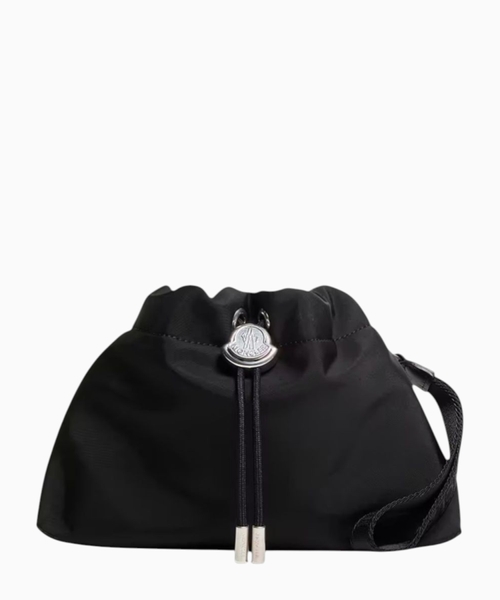 Trick water-repellent pouch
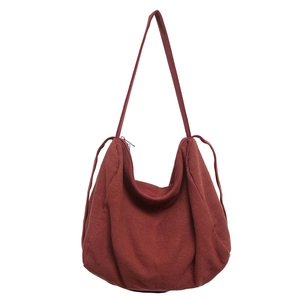 Grand sac à bandoulière rouge bordeaux en peluche texturée avec fermeture à glissière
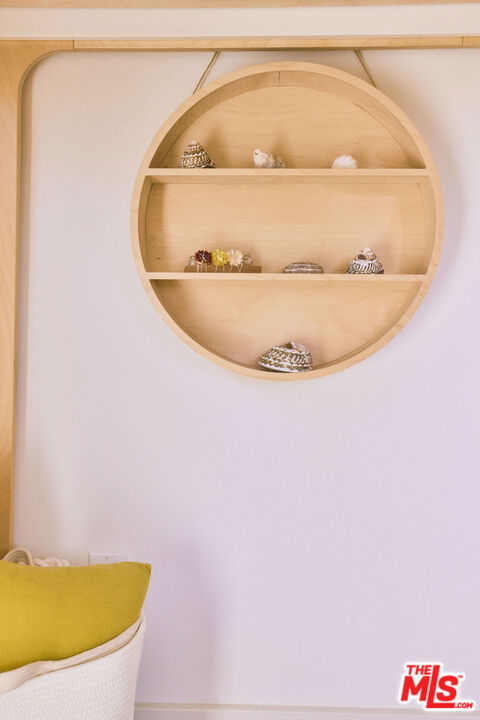906 Superba Avenue, Venice CA: https://media.crmls.org/mediaz/303f5b9c-8b97-4d40-b1ee-183c2d574efb.jpg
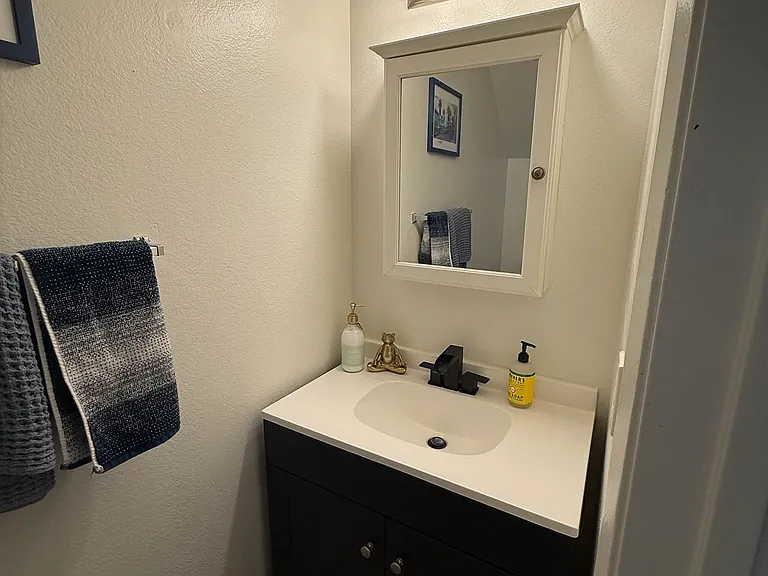 263 S Ventura Rd #271 — Photo 14
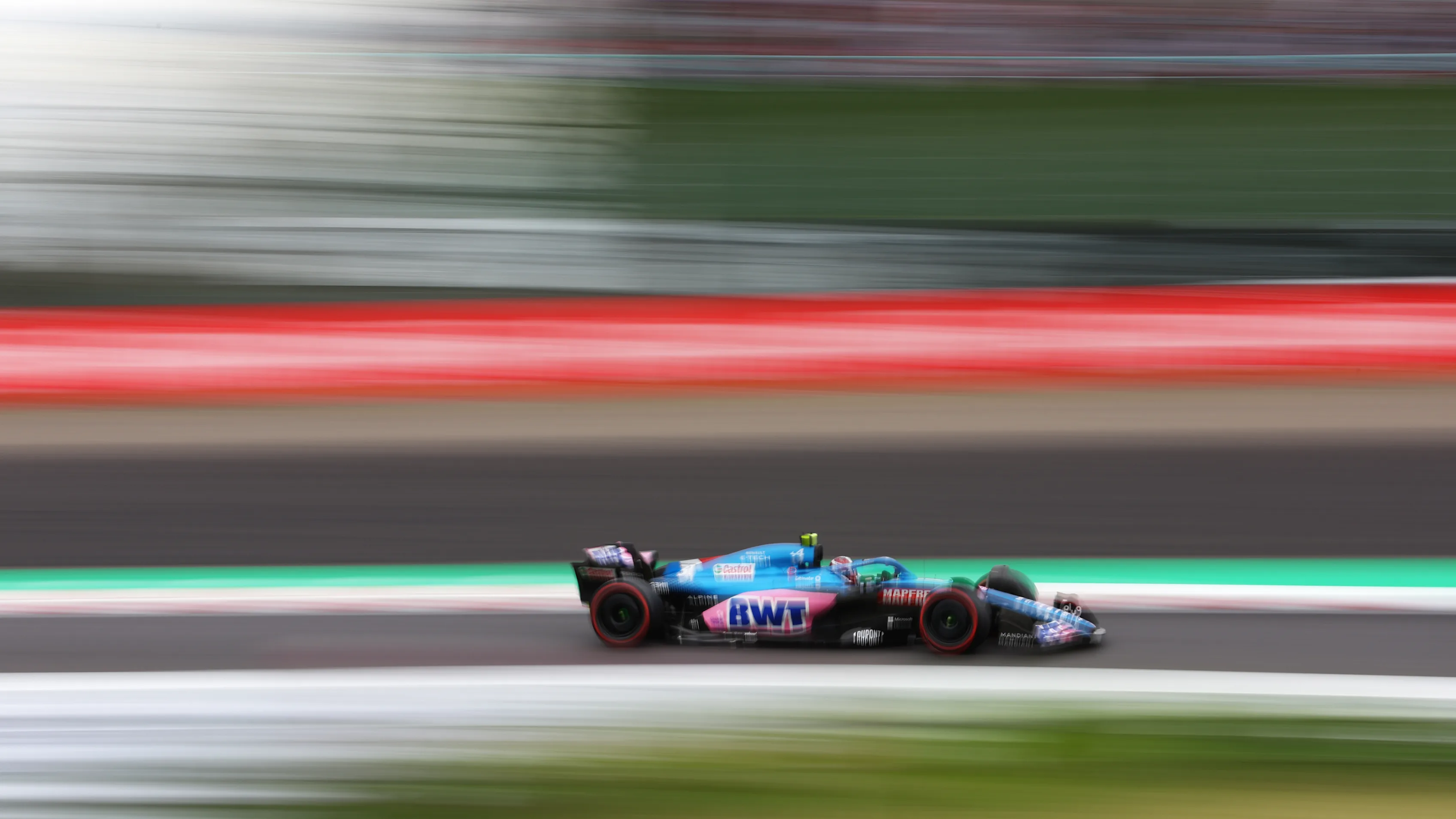 SUZUKA, JAPAN - OCTOBER 08: Esteban Ocon of France driving the (31) Alpine F1 A522 Renault on track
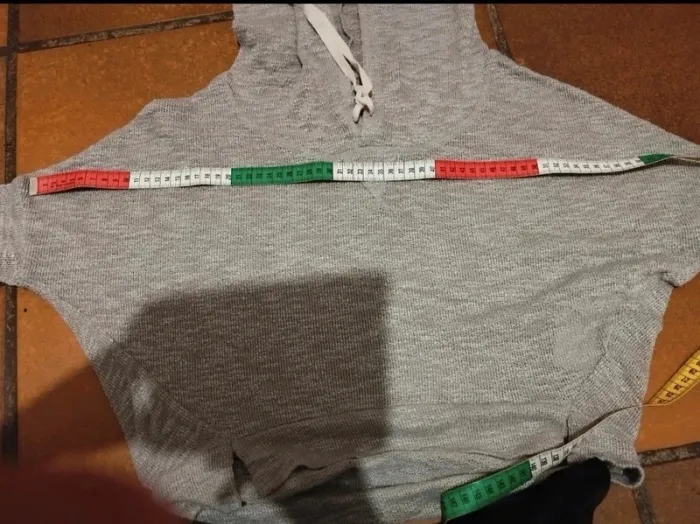 Pull fin à capuche taille XS -S - photo numéro 12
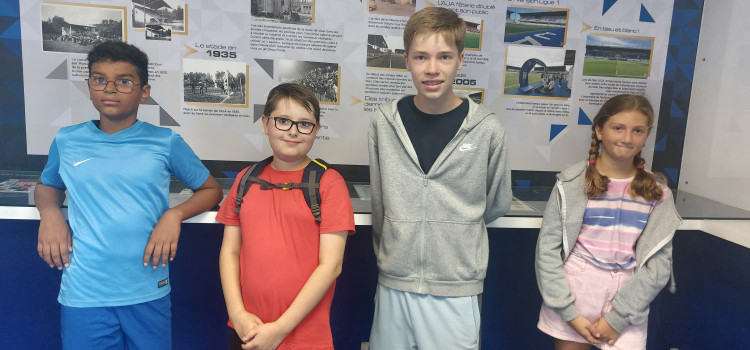 Une matinée pleine de nouveautés à l’AJA pour 8 jeunes passionnés !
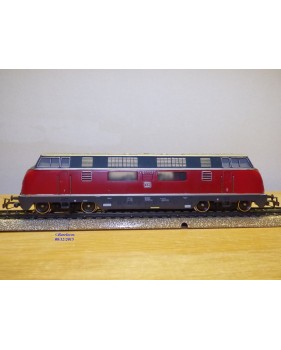 MÄRKLIN 3021 . 12, loco diesel Br 220  DB   neuf  BO
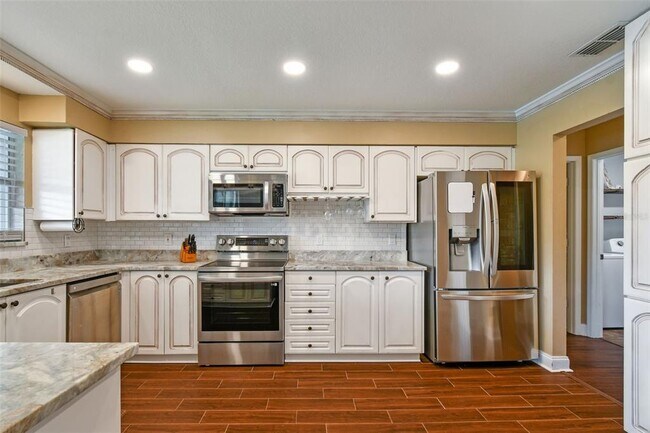 Building Photo - 17737 Esprit Dr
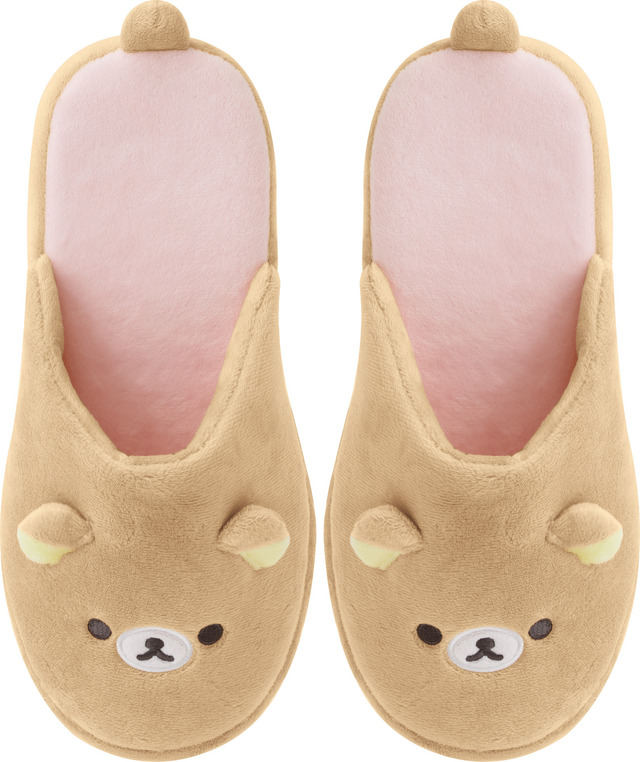 サンエックス「Makeup Rilakkuma ぬいぐるみスリッパ」（C）2025 SAN-X CO., LTD. ALL RIGHTS RESERVED.
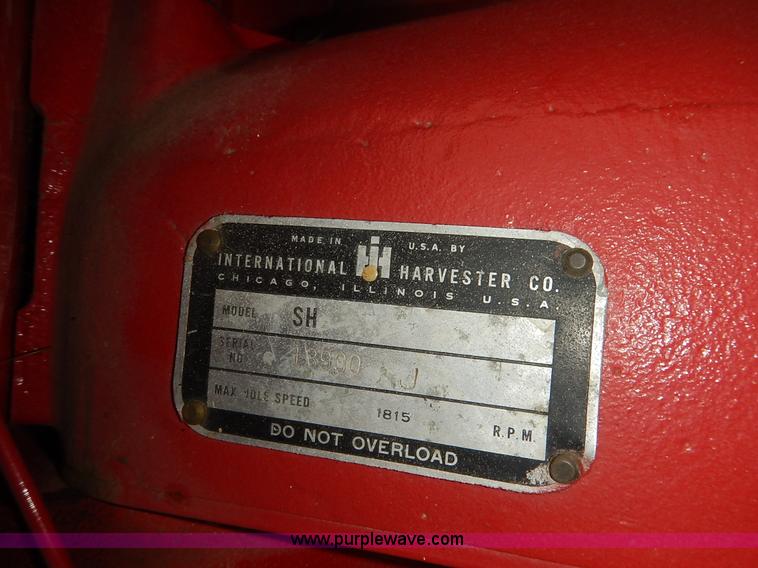 image for item BC9342 Farmall Super H tractor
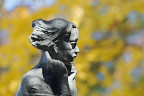 黄葉、彫刻「早く来ないかなあ」 - 片倉城跡公園
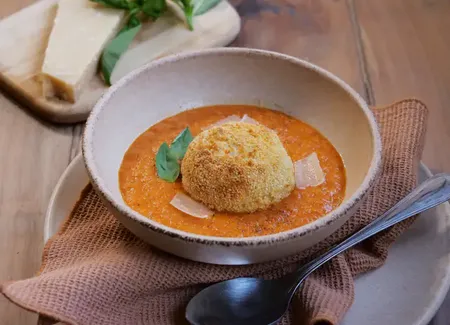Arancini croustillants et velouté de tomates rôties au airfryer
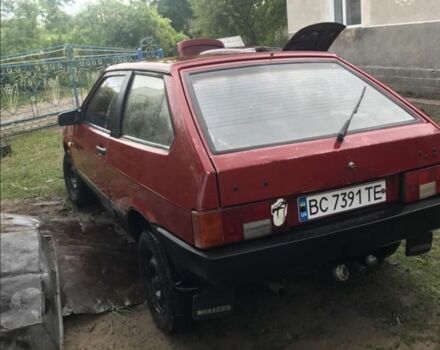 Красный ВАЗ 2108, объемом двигателя 1.1 л и пробегом 170 тыс. км за 426 $, фото 3 на Automoto.ua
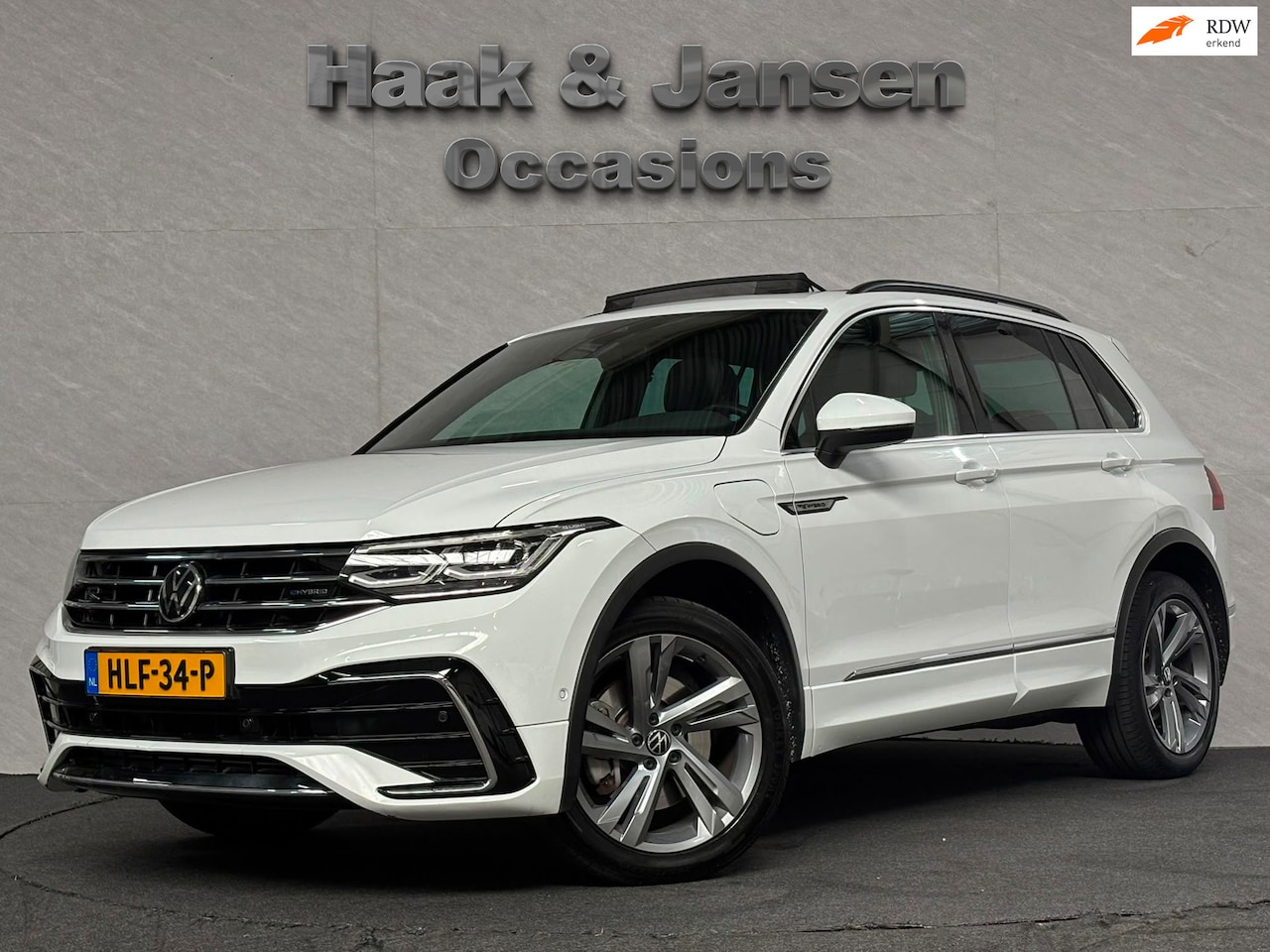 Volkswagen Tiguan - 1.4 TSI eHybrid R-Line Business+ - Pano - ACC - AutoWereld.nl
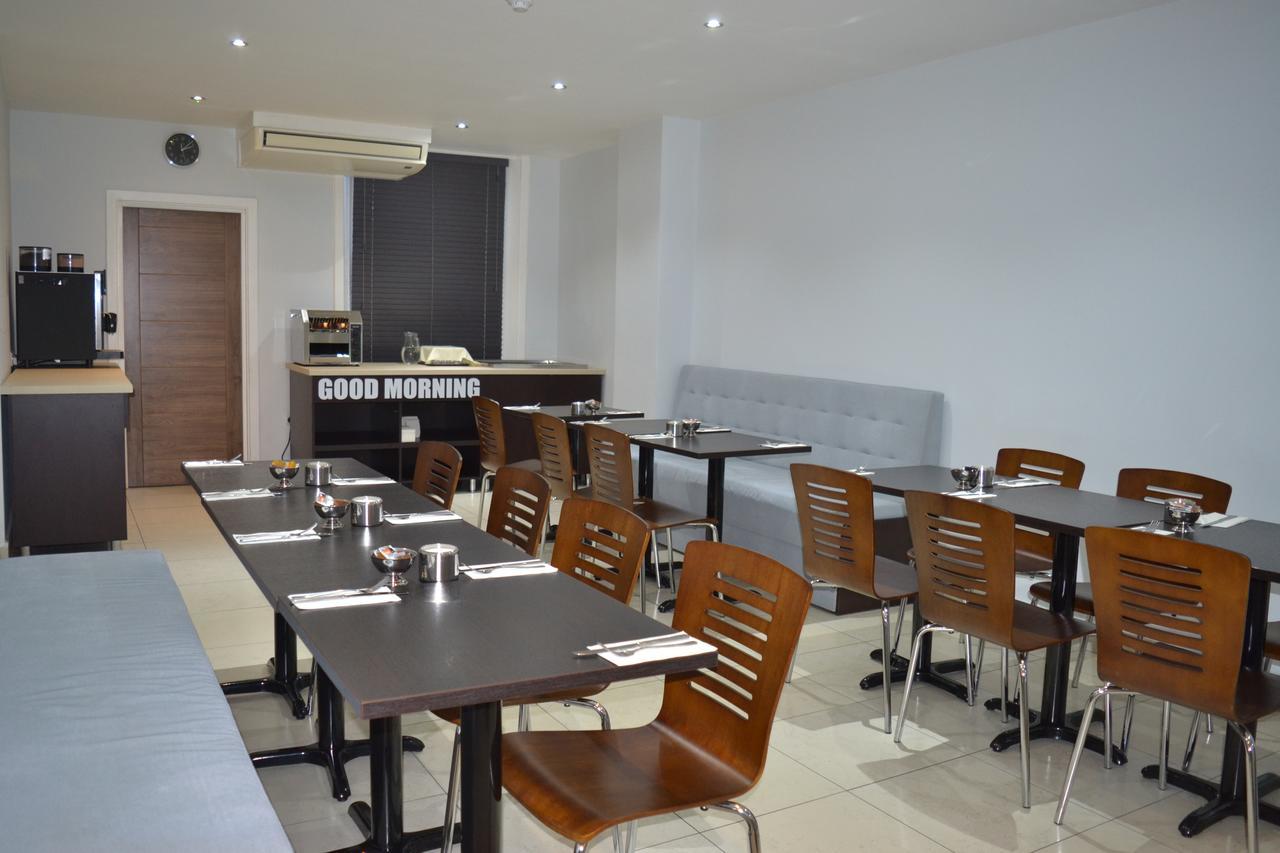 Trebovir Hotel Лондон Екстериор снимка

==*==

WORK REQUIRED ▸ An exact copy of the lines above from the one with "黄葉、彫刻「早く来ないかなあ」 - 片倉城跡公園" up to and including the one with "Красный ВАЗ 2108, объемом" is required; reproduce only those lines, omitting all pictures.

RESPONSE TO THE TASK ▸
 黄葉、彫刻「早く来ないかなあ」 - 片倉城跡公園
Arancini croustillants et velouté de tomates rôties au airfryer
 Красный ВАЗ 2108, объемом двигателя 1.1 л и пробегом 170 тыс. км за 426 $, фото 3 на Automoto.ua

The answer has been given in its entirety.